Discussion of Related Art:
Satellite-based approaches to estimate location and velocity are known to be very power-hungry, draining the battery of mobile devices in a short time. This is one of the disadvantages of having to work with signals transmitted from satellites. Moreover, the accuracy of satellite-based systems for mobile devices can be low, especially in urban areas with canyon effects, which represent additional obstacles for the weak satellite signals. Furthermore, these satellite-based systems are not reliable in indoor environments. Consequently, there is a need for an accurate methodology that can deliver contextual information including velocity for pedestrians in any condition, even when they are indoors.

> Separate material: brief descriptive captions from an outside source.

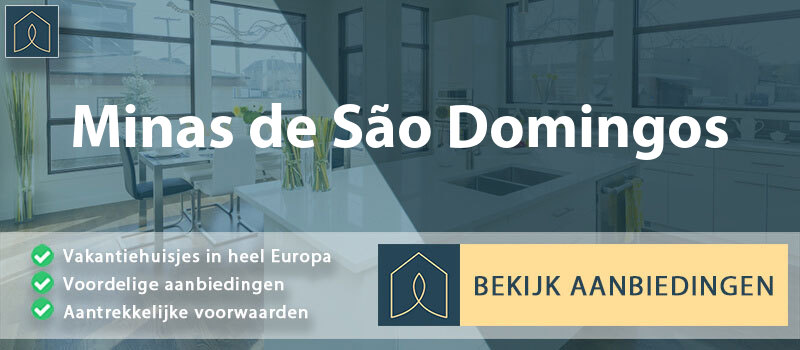 vakantiehuisjes-minas-de-sao-domingos-beja-vergelijken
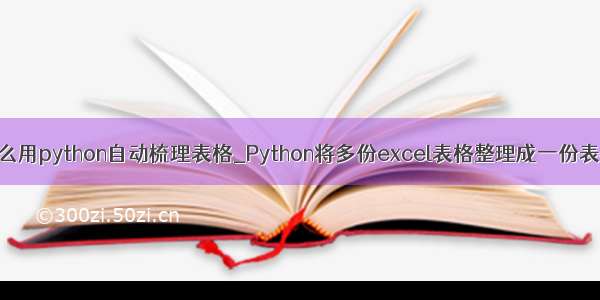 怎么用python自动梳理表格_Python将多份excel表格整理成一份表格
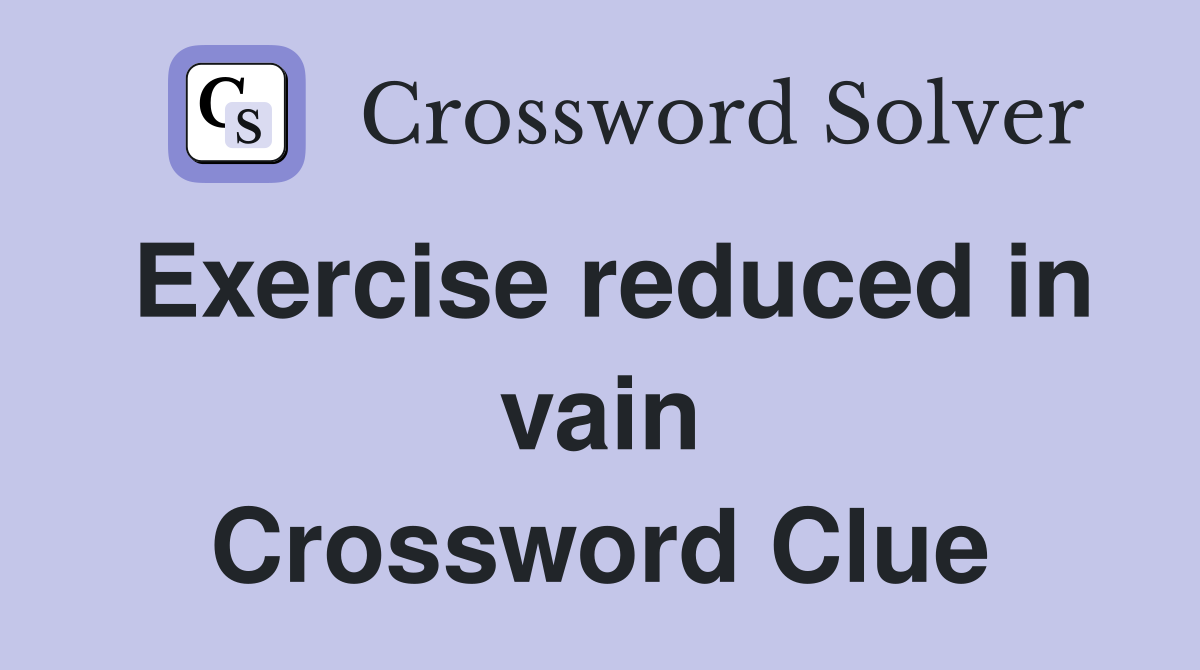 Exercise reduced in vain Crossword Clue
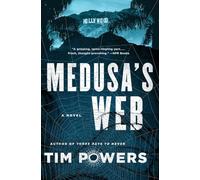 Medusa's Web: A Novel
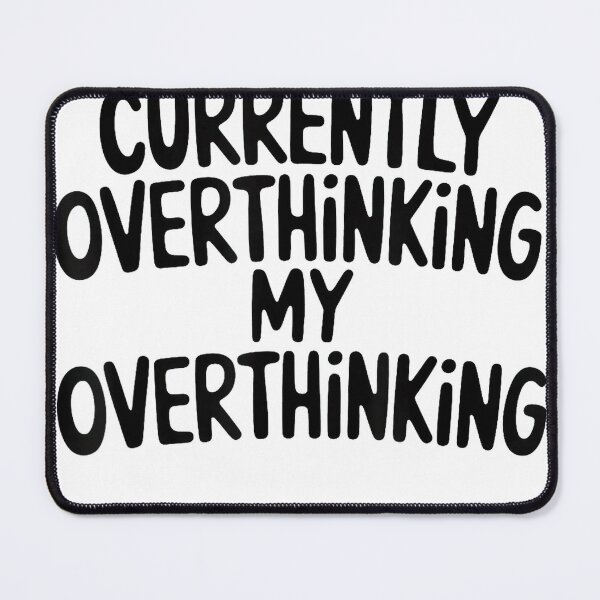 Item preview, Funny Overthinker Quote Overthinking My Overthinking Anxiety T-Shirt designed and sold by gidget-gadget.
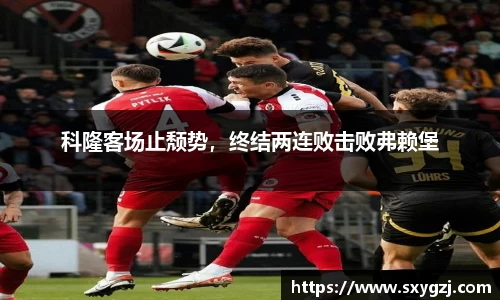 科隆客场止颓势，终结两连败击败弗赖堡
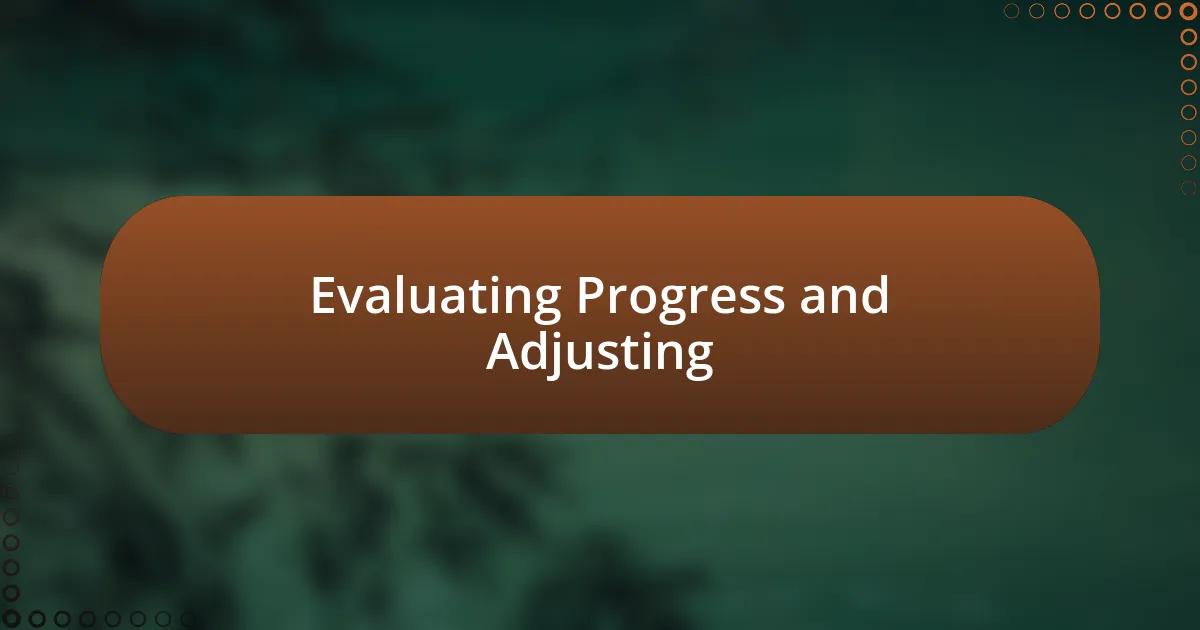 Evaluating Progress and Adjusting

Computer vision based systems make use of several cameras in a lab environment and markers attached at critical points of the individual's body. Cameras record the body movement, and the video processing can deliver accurate measurements. However, their sophisticated setup and requirements make them laborious, expensive, space-constrained and difficult to implement in real-time applications.
On the other hand, and thanks to the advancements in Micro Electro Mechanical Systems (MEMS) and wireless communications, monitoring systems based on wearable sensors are making progress. In this sense, the analysis of spatio-temporal parameters of human gait is a complex and difficult task. Moreover, sophisticated hardware requirements can raise the cost of the system.
For many applications, there is a need to efficiently leverage the sensors embedded in mobile and/or wearable devices to provide contextual information in real-time directly to the user.